Commutables: operations which can be performed without conflict, because they can be reordered in time and have the same net effect, i.e. they are commutable (name borrowed from Clojure). Incrementing an int is an example - if you don’t care what the int’s value is, you can increment it without conflict by simply incrementing whatever value you encounter there at commit time. Using commutes, when appropriate, reduces conflicts and improves concurrency. Incrementing an int, conflict-free:
n.Commute((ref int a) => a++);
- Commutes are not performed under any lock, but rather in a special commute subtransaction, which reads the latest data, and tries to commit with the same stamp as your main transaction. If only the commutes fail, then only the commutes get retried.

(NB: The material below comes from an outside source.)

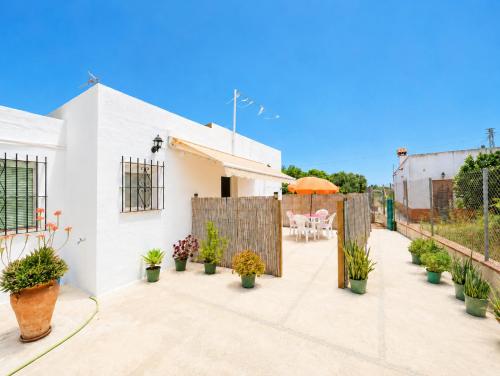 a patio with potted plants and a fence at Casa de Los Arbolitos in El Palmar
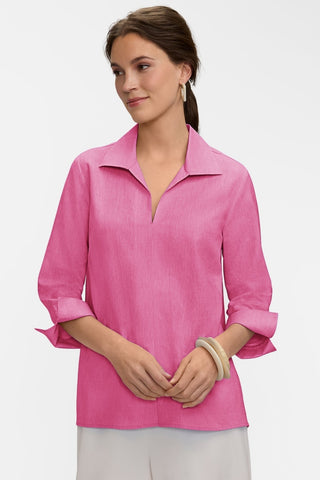 A model wearing the Agnes Solid Linen Blend 3/4 Sleeve Shirt showing the signature flip back cuffs #color_cosmo pink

- If, in the example above, your main transaction has already (or perhaps will later) read the n field or written to it (non-commutatively), the commute “degenerates” - it gets executed in place, in your transaction, and you can see it’s effect. This means consistency - if you read it, it will stay as read when you commit. But, it is now a potential conflict.
- Shield has various commutable operations defined in it. Appending to a sequence is commutable - if you do not touch the seq, it never conflicts. Collection Count fields are comuted over, to avoid unnecessary conflicts.